Bak simalakama Karolina memberikan hati kepada Cornelia dan menerima hati dari cornelia. Andai waktu bisa di putar mungkin dirinya tidak akan pernah mau mendapatkan bantuan dari sahabatnya itu.


Menyembunyikan penjahat atau tahanan kepolisian sama saja melakukan tindakan kejahatan.


"Apa kalian sudah menemukan jejaknya?" tanya seorang petugas kepolisian kepada temannya.


"Sepertinya kita juga harus mencari kaki tangan dari tahanan itu. Sebab tidak mungkin jika dia merubah semua surat sendiri." Ujar petugas kepolisian.


Mereka kembali menyisir beberapa daerah di sekitar rumah sakit jiwa. Mereka sudah menyisir dua daerah yang dekat dengan rumah sakit jiwa, tapi hasilnya masih nihil. mereka belum bisa menemukan Cornelia.


...****************...


Dinniar semakin memperketat semua keamanan untuk kedua putrinya. dengan meminta anak buah suaminya berpatroli di sekolah.


"Apa kita minta anak-anak untuk sekolah di rumah saja ? aku benar-benar khawatir dengan mereka." Dinniar menggigit ujung kuku ibu jarinya.


"Sayang, jangan kamu seperti ini. Kalau kamu terus cemas begini. yang ada nanti anak-anak semakin curiga. kamu tahu bukan kalau anak-anak kita sangatlah cerdas? mereka pasti bisa melihat setiap gerak-gerik yang mencurigakan dari kita." Jonathan memegang kedua bahu istrinya. dia berusaha menyadarkan sang istri yang sedang dikuasai oleh rada cemas.
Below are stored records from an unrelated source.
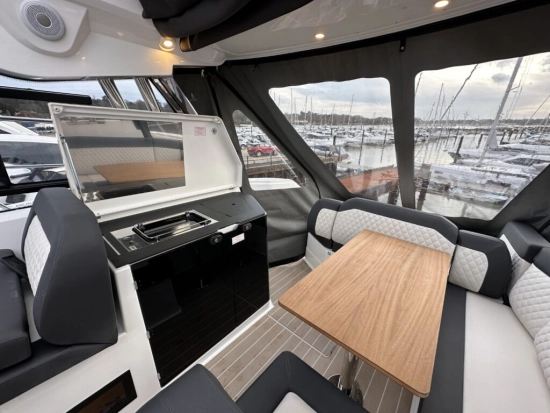 Bavaria Yachts SR33 HT brand new for sale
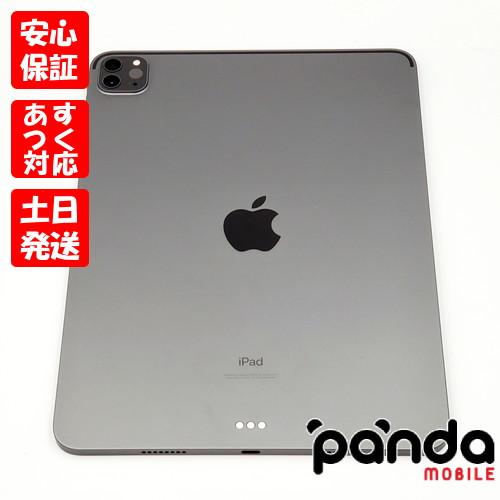 iPad Pro 11インチ (第3世代) スペースグレー【ジャンク品】 iPadPro第3世代11インチ スペースグレー 128g（ジャンク） 11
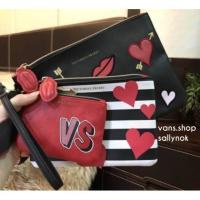 ราคา VALUE SET! Victoria's Secret Clutch Value Pack (892456430)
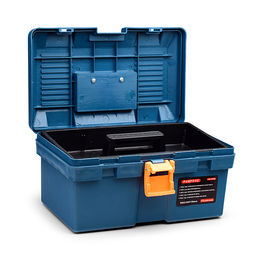 Набор интсрументов "Маленький мастер" в коробке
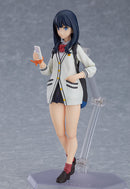 Rikka Takarada | Figma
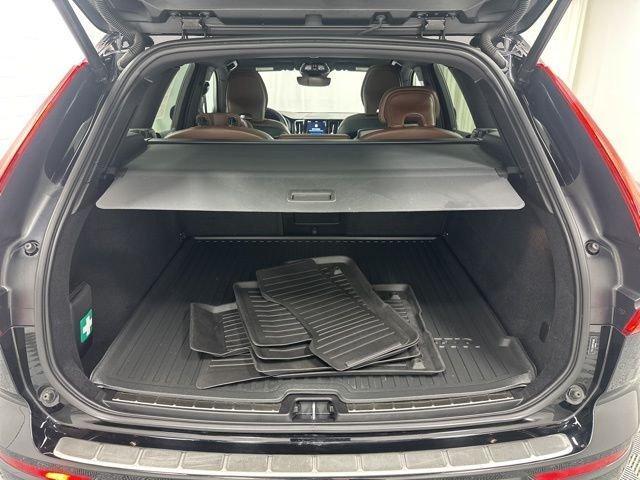 used 2023 Volvo XC60 car, priced at $33,500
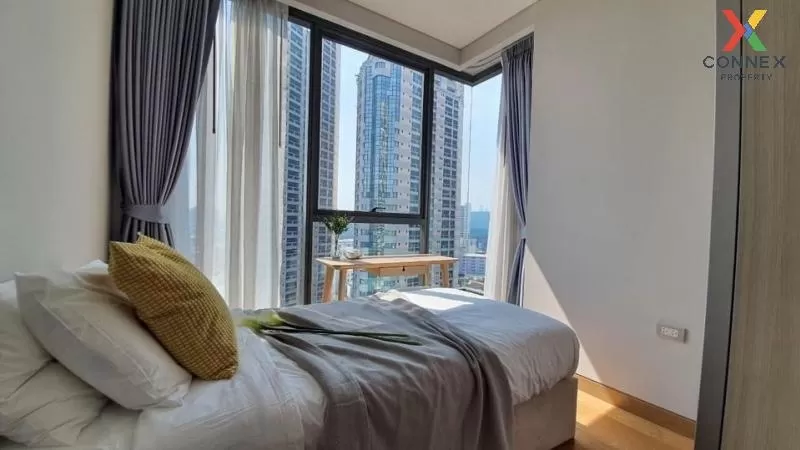 FOR RENT condo , The Lumpini 24 , BTS-Phrom Phong , Khlong Tan , Khlong Toei , Bangkok , CX-73596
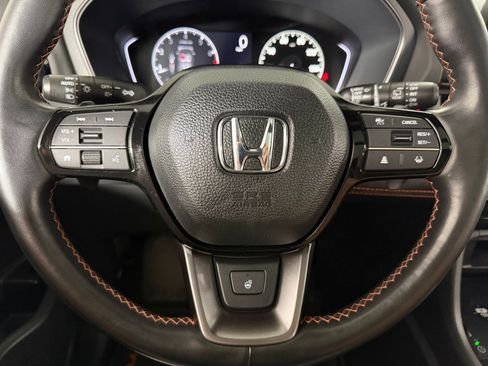 Certified 2023 Honda Pilot TrailSport image 13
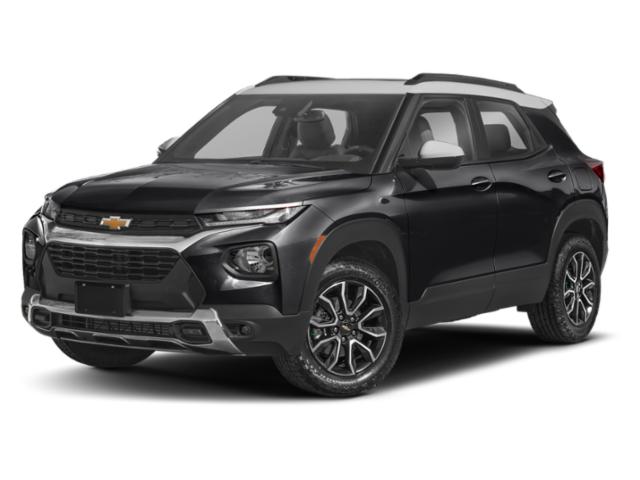 2023 Chevrolet Trailblazer AWD ACTIV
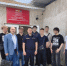 Студенты РГЭУ (РИНХ) побывали на выездном практическом занятии в исправительной колонии - ГУФСИН Ростовской области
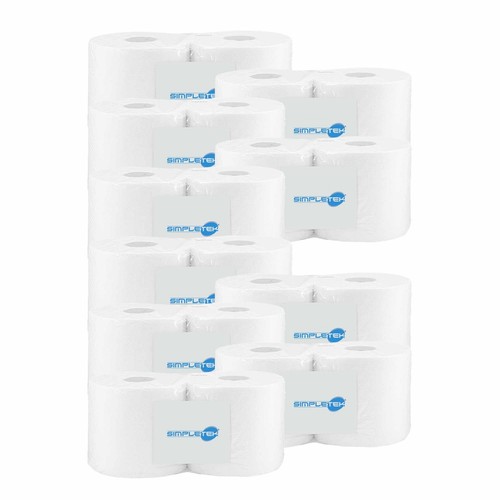 Simpletek pièces rouleaux - 20,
"Aku akan berusaha lebih tenang dan aku juga akan berusaha mengontrol setiap rasa di dalam hatiku." Dinniar mengusap wajahnya dengan kasar dan menatap tegas kearah suaminya.


"Aku yakin kamu pasti bisa mengatasi rasa cemas mu dari situasi ini. kita akan menjaga anak-anak dengan baik." ujar Jonathan.


Dinniar terasa kalau dirinya begitu lemah dan mudah digoyahkan. Dia kini sedang berusaha agar bisa melawan Cornelia. Dia tidak mau masuk dalam jebakan permainan konyol dari wanita yang akan segera menyandang status janda seperti dirinya dulu.


"Aku tidak akan kalah lagi darimu. Aku akan tunjukkan bahwa aku mampu menjaga anak-anakku dan juga menjaga keutuhan rumah tanggaku." Dinniar berjanji kepada dirinya sendiri untuk tidak lemah.


Dia tidak akan pernah kalah lagi dari cornelia. dia tidak akan pernah menyerah. dia akan menjaga keutuhan rumah tangganya dengan segenap jiwa raganya.


Dinniar akan menyiapkan dirinya untuk menghadapi Cornelia ketika dia kembali menampakkan dirinya di hadapannya. Bagi Dinniar masih panjang perjalanannya. jadi dia tidak akan pernah merelakan anak-anaknya disakiti lagi oleh orang-orang yang tidak berperasaan.